Diversos factores determinaron que los referidos carteles mejicanos desplazaran a los colombianos y se convirtieran en casi amos absolutos del negocio. Se establecieron en estados y municipios del norte mexicano, fronterizos con EEUU y la región del Golfo. Poco a poco, con los réditos que les reportaban los gigantescos mercados de Norteamérica y Europa para la droga, acumularon el poder económico suficiente para mantener implacables estructuras de sicarios que acabaran con bandas de competidores menores.

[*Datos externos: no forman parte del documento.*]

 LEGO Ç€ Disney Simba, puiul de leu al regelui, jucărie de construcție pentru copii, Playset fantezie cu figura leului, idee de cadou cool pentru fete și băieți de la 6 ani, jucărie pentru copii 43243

La infiltración en los servicios de inteligencia de los organismos policiales a cargo de la lucha contra el narcotráfico fue cosa corriente en ambos carteles. Sus equipos de sobornadores convirtieron en “topos” o proveedores de datos precisos a ciertos policías y militares. El periodista mexicano David Aponte, en su libro “Los Infiltrados”, relata que esos dos carteles accedieron a información precisa sobre el movimiento de competidores y cuantas personas figurasen en su lista negra. A cargo de las ejecuciones se hallan miembros de la organización “Zetas”, compuesta por ex militares y policías que el Cartel del Golfo, particularmente, a cambio de jugosos sobornos, incorporó a sus filas para sus implacables “ajustes de cuenta”. Los sicarios, hasta la fecha, asesinaron ya a más de 30 mil personas. No podía ser más escalofriante uno de los últimos episodios de esta larga serie de asesinatos: Frente a un monumento del centro de Nuevo Laredo, ciudad fronteriza con Estados Unidos, donde aparecieron cuatro víctimas que tras ser ejecutadas fueron salvajemente decapitadas.

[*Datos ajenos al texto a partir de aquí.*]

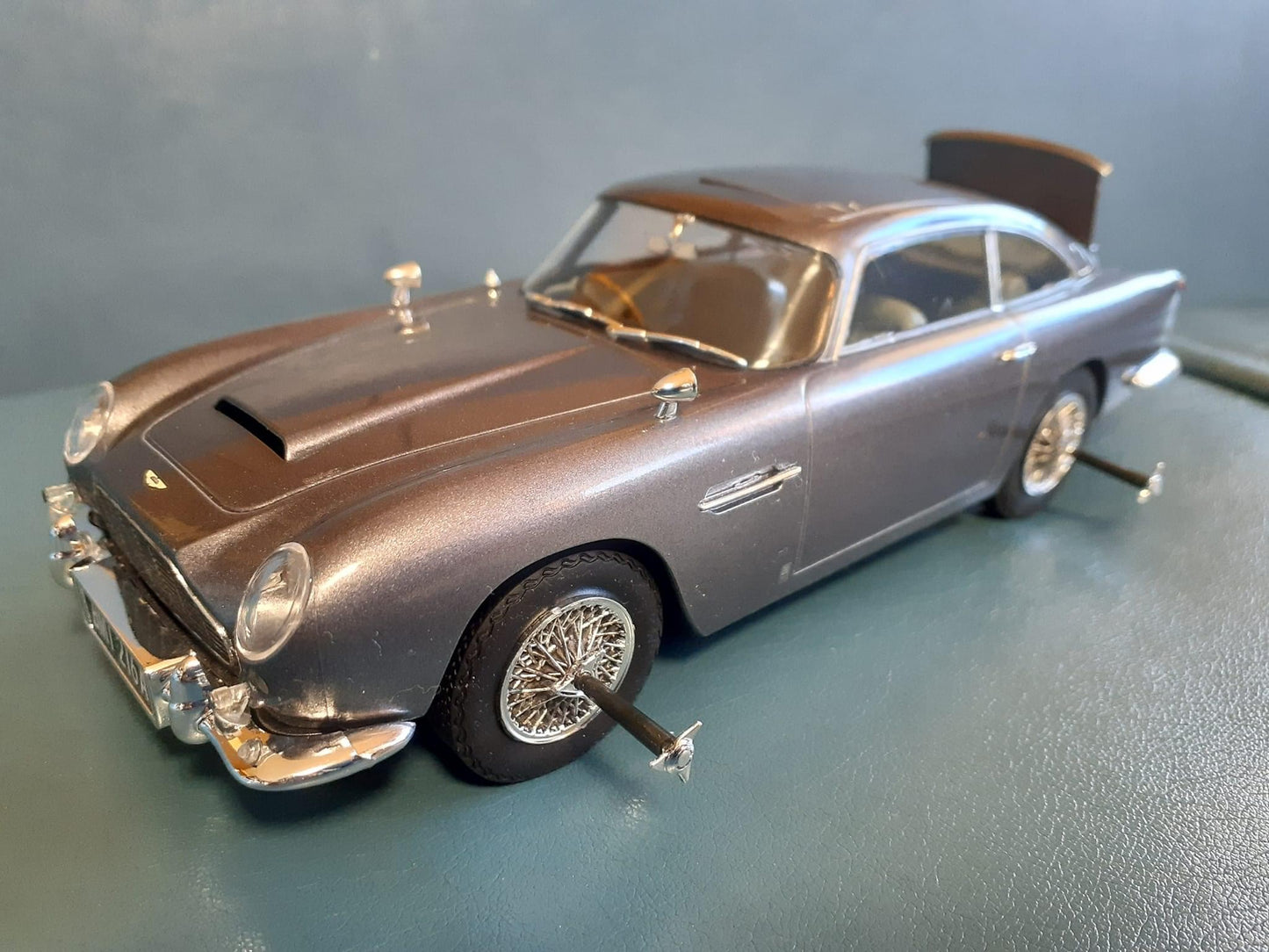 ASTON MARTIN DB5 - JAMES BOND 007 GOLDFINGER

En Bolivia, por cierto, están operando redes de los carteles mexicanos de la droga. Son bastante numerosos los indicios corroborativos al respecto. Y de un tiempo a esta parte, alcanzan cierta recurrencia asesinatos con características de “ajustes de cuentas”, al estilo mexicano. Para colmo, caen presos policías de gradación jerárquica y media por presunta vinculación al narcotráfico. Sobre la base de estos hechos, que aún representan señales más o menos borrosas, sería injusto afirmar que en Bolivia llegamos a la misma situación que lamenta México. De todos modos, estamos ante hechos que preocupan y exigen una investigación idónea cuyas conclusiones nos digan de qué realmente se trata.